Kemudian ada lagi, mahasiswa Universitas Gajah Mada, Yogyakarta yang
tergabung dalam gerakan Kammi Mengajar. Mereka mengajar dan memberi
pendampingan kepada warga korban letusan gunung merapi cara mengolah dan
memasarkan ikan lele dengan mengolahnya menjadi nuget lele, kripik lele
dan abon lele. Dengan demikian para warga korban letusan gunung Merapi
itu mendapatkan nilai lebih dari sekedra menjual ikan lele mentah.
Lalu ada juga pasangan muda Wahyu Aditya dan Arie Octaviani, pasangan
suami istri ini benar-benar kreatif dan produktif. Mereka menggagas dan
mendirikan Distro KDRI alias Kementrian Desain Republik Indonesia. KDRI
ini membuat dan mengumpulkan hasil desain anak-anak muda Indonesia
mengenai nasionalisme. Hasil karya itu bisa berupa kaos yg unik, komik
dan animasi. Hingga kini KDRI menurut Adit, telah memiliki ribuan fans
dan followers di seluruh dunia.
Dibidang pendidikan ada Eymus H Tabuni (26), sejak 4 tahun lalu ia
memutuskan untuk memberikan pelatihan membaca dan menulis bagi warga
kampung Milinik, Kelurahan Inikombe, Distrik Sentani, Kabupaten
Jayapura, Papua. Eymus hanya menerima honor Rp 300 ribu dan beras 25
kilogram setiap 6 bulan. Keputusannya ini didasari keprihatinan
tingginya angka buta aksara di wilayah itu. Pusat Kegiatan Belajar
Mengajar (PKBM) Budi Bakti, menjadi tempat Eymus mengabdi.
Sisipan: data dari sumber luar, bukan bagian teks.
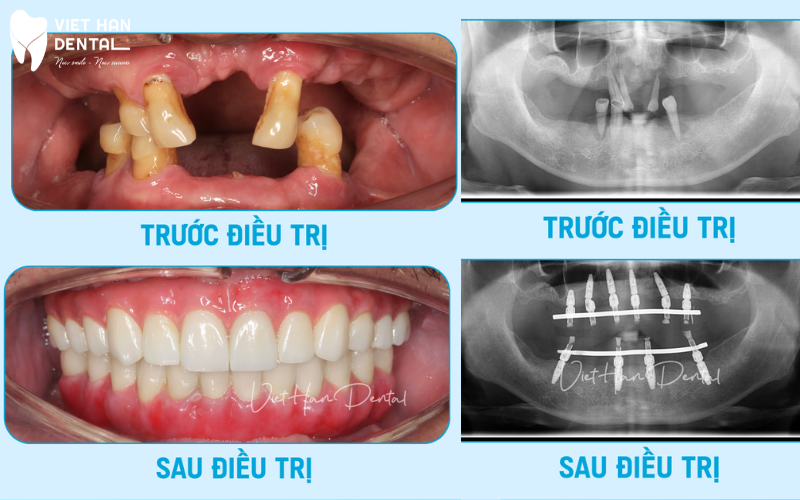 trồng răng Implant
Eymus, lulusan Teknik Pertambangan Universitas Sains dan Teknologi
Jayapura (USTJ), menjadi tutor mengajar Pendidikan Anak Usia Dini
(PAUD), paket A, B, dan C sejak PKBM tersebut baru berdiri. Mereka yang
belajar di tempat sederhana ini terdiri dari anak-anak, dewasa, bahkan
orang tua. Ada yang putus sekolah, ada pula yang belum pernah mengecap
bangku sekolah.
Saat ini, peserta didik di PKBM Budi Bakti hampir mencapai 100 orang dan
didominasi oleh para wanita yang berasal dari berbagai desa.
Eymus berharap, apa yang ia lakukan saat ini kelak berbuah manis.
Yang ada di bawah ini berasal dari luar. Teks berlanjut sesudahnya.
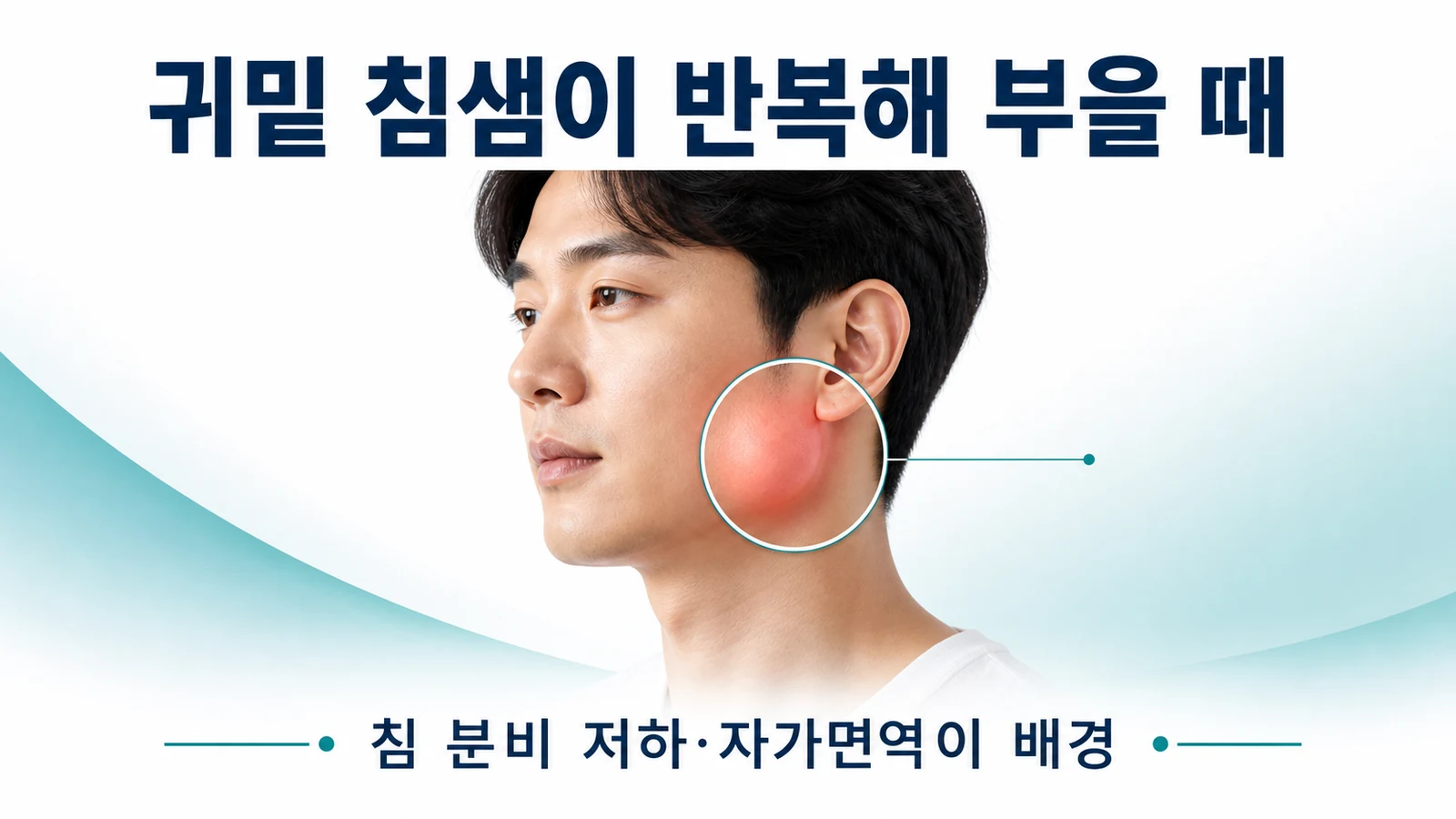 귀밑 침샘이 반복해 부을 때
Harapannya sederhana: membuat warga di kampungnya lebih berwawasan, atau
paling tidak menguasai baca tulis dan berhitung.
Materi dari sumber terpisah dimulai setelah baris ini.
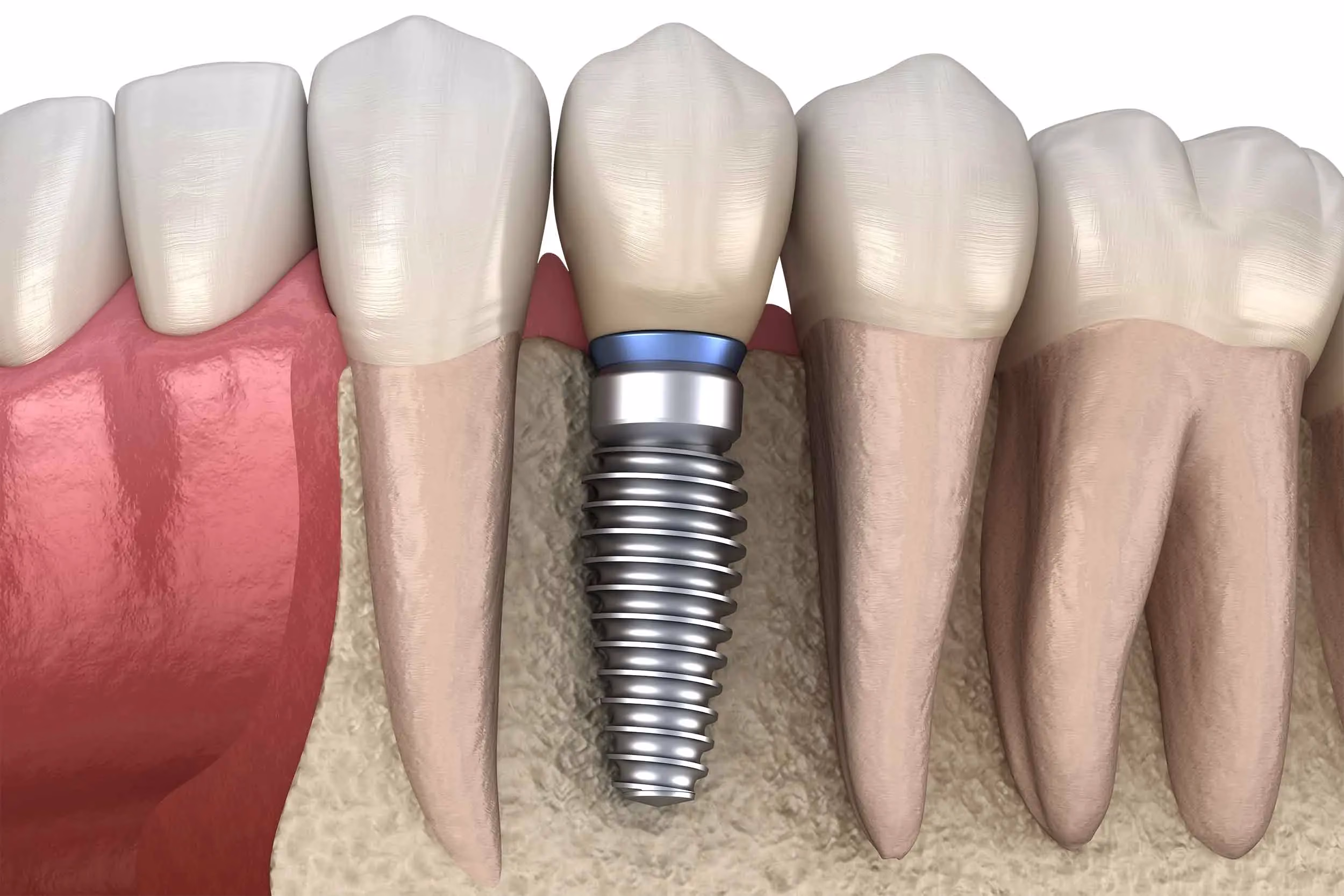 NHA-KHOA-WEE-implant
“Saya berharap kampung ini melek huruf, dan lima tahun ke depan mempunyai perubahan,” kata Eymus.
Kisah-kisah diatas hanya beberapa contoh dari apa yang telah dilakukan
pemuda pemudi Indonesia dalam mempertahankan tanah air dan bangsanya.
Bila pemuda Indonesia bersatu dan bersama-sama melakukan kreatifitas dan
mengembangkannya, sudah barang tentu lambat laun kemiskinan di Negara
kita akan terkikis tanpa mengharapkan uluran tangan.
Sumpah pemuda kini seharusnya,
Pertama, Kami Putra dan
Putri Indonesia, mengaku bersatu untuk mengembangkan perekonomian dengan
kreatifitas dan mencintai produksi anak bangsa Indonesia.
Kedua, Kami Putra dan Putri Indonesia, mengaku berbangsa yang bersatu mengembangkan pendidikan anak bangsa Indoneisa.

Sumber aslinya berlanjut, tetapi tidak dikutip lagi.